Across the street is a different neighborhood and a different story. Many houses have not been touched. A few are under construction although more are being started every week. Only a few are being elevated, I understand that and, in spite of my friend Tim's opinion, I conditionally agree with it.
The thing is there has been much discussion of what the Base Flood Elevation is. Unfortunately FEMA has again taken the cowardly way out. They have simply mandated that all new construction meet the existing (pre-Katrina) Base Flood Elevation or be located three feet above the highest adjacent natural grade (whatever that is), whichever is higher. My own opinion is that a uniform absolute minimum floor elevation for the entire City of New Orleans should have been established, but that would make too much sense.

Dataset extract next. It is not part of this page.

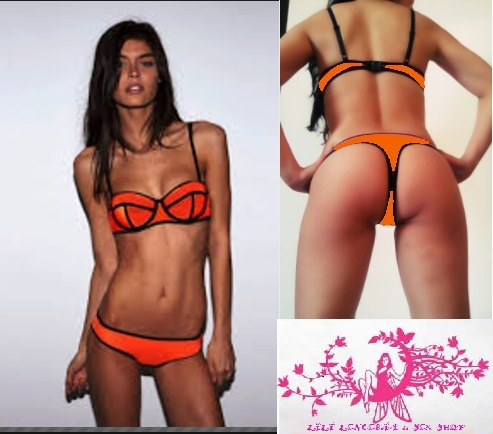 Bañador Bikini Neopreno Naranja Gde Corte Brasileño Tanga .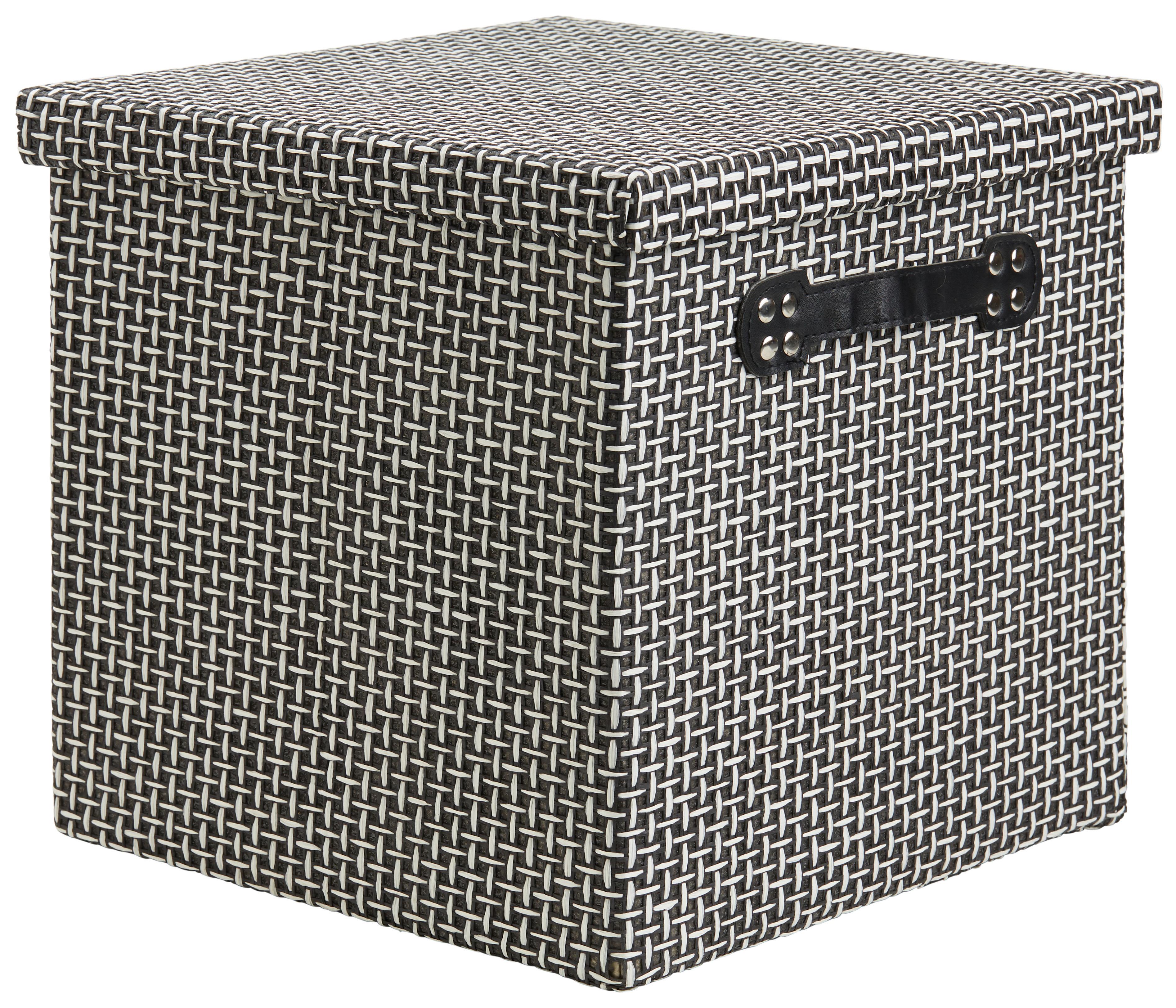 BOX S VÍKEM FOLDABLE - bílá/černá, karton/textil (29,5/28/30cm) - Mömax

In my neighborhood we are an AO zone subject to "sheet flooding". We were supposed to be 18" above the highest adjacent natural grade. My house predated NFIP. It is only 12 inches above the highest adjacent natural grade, according to my flood post-K certificate. Unfortunately there is no adjacent natural grade, my house is built on filled lake bottom. The determination of the "highest adjacent natural grade" seems arbitrary and inexplicable.
I had 3 and 1/2 feet of water in my house. I was lucky. It's hard for me to see that had I been 6 inches higher there would have been much less damage. Even meeting the new higher requirement would have resulted in about 1 and one half feet of water in our house. The damage would have been virtually identical.
The thing that killed us was the inability to quickly mitigate the damage, mostly throw out the damaged contents and open the doors and windows. Doing that within a few days would have dramatically reduced the damage. When we finally got in early simply opening the doors, throwing out the upholstered furniture allowed the house to dry out in a few days.
I have made the rational decision to restore my house to its original condition and hope it is another 50 years before it is flooded again. If it is significantly less than that I'll collect my insurance and move on.